ANNALISA DEL VECCHIO WRITES – Would it be right to describe the visibility of the Himalayas for the first time in thirty years as a good thing? Yes, in a way. The snow-covered peaks have been obscured by air pollution for decades, but the coronavirus pandemic has helped reduce pollution in several ways.
Due to the lockdown, production and business activities have slowed down, and some manufacturing companies have temporarily shut down. The manufacturing plants emit pollutants such as nitrogen dioxide, sulphur dioxide and other carcinogens, but the level of emissions has gradually dropped which has, in turn, reduced air pollution. Normally, in India, the air quality is highly unhealthy but now the air is safer to breathe. As some health professionals have stated, cleaner air will also help flatten the coronavirus curve since it reduces the number of individuals suffering severe symptoms. In addition, changes in air quality have decreased the number of strokes and heart attacks at emergency rooms.

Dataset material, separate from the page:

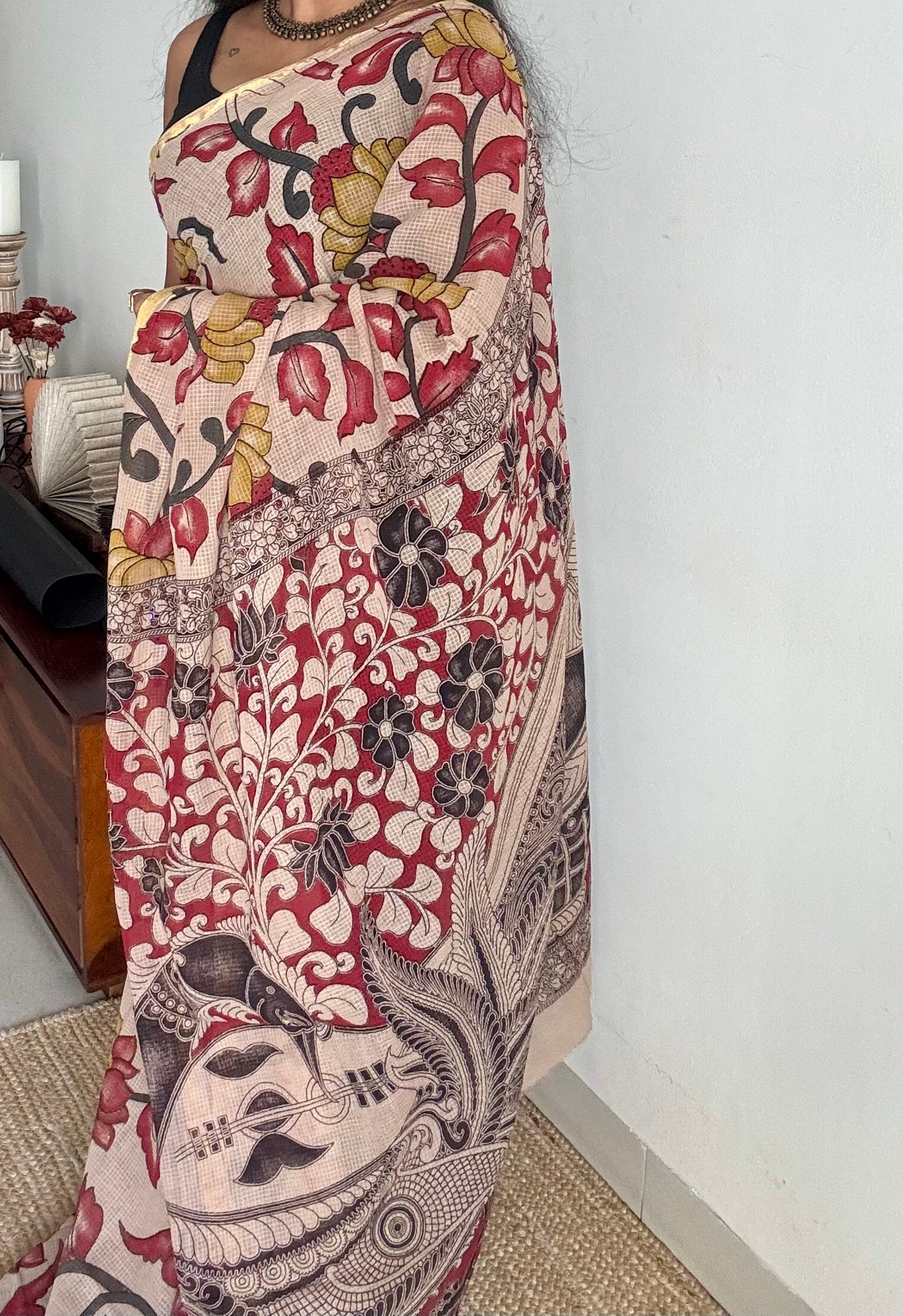 Cream multicoloured floral kalamkari saree in kota - YCWOTDMA357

Public transport (ground vehicles, airplanes) has shut down, forcing many to stay at home except to get essential goods. As a result, respiratory infections have decreased. The waterways, which were choked by pollution, are now flowing uninterruptedly.

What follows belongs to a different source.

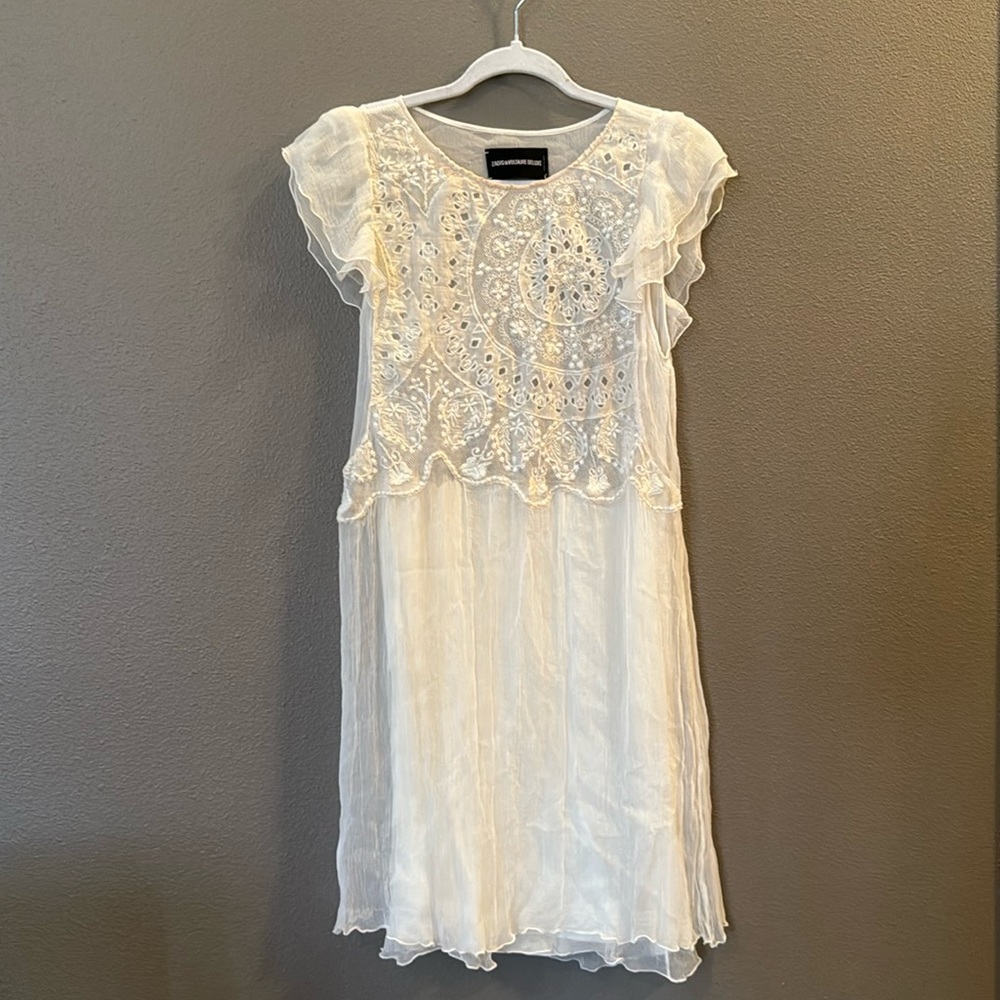 Zadig & Voltaire Rhuya Deluxe embroidered dress white size M - Picture 3 of 9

The decline in harmful levels of nitrogen dioxide has also triggered a phenomenon that scientists call ‘The Weekend Effect’- a rise in the ozone layer due to reduced vehicular traffic. Ozone absorbs harmful ultraviolet radiation from the sun, so there is likely to be a decrease in cases of skin cancer and cataracts. And with most people staying home, there is less noise pollution, which has been associated with high blood pressure, sleep disruption and stress-related illnesses.
Yes, severe pollution in India has eased as a result of the coronavirus pandemic lockdown – but at great, worldwide human cost. If only this could have happened any other way.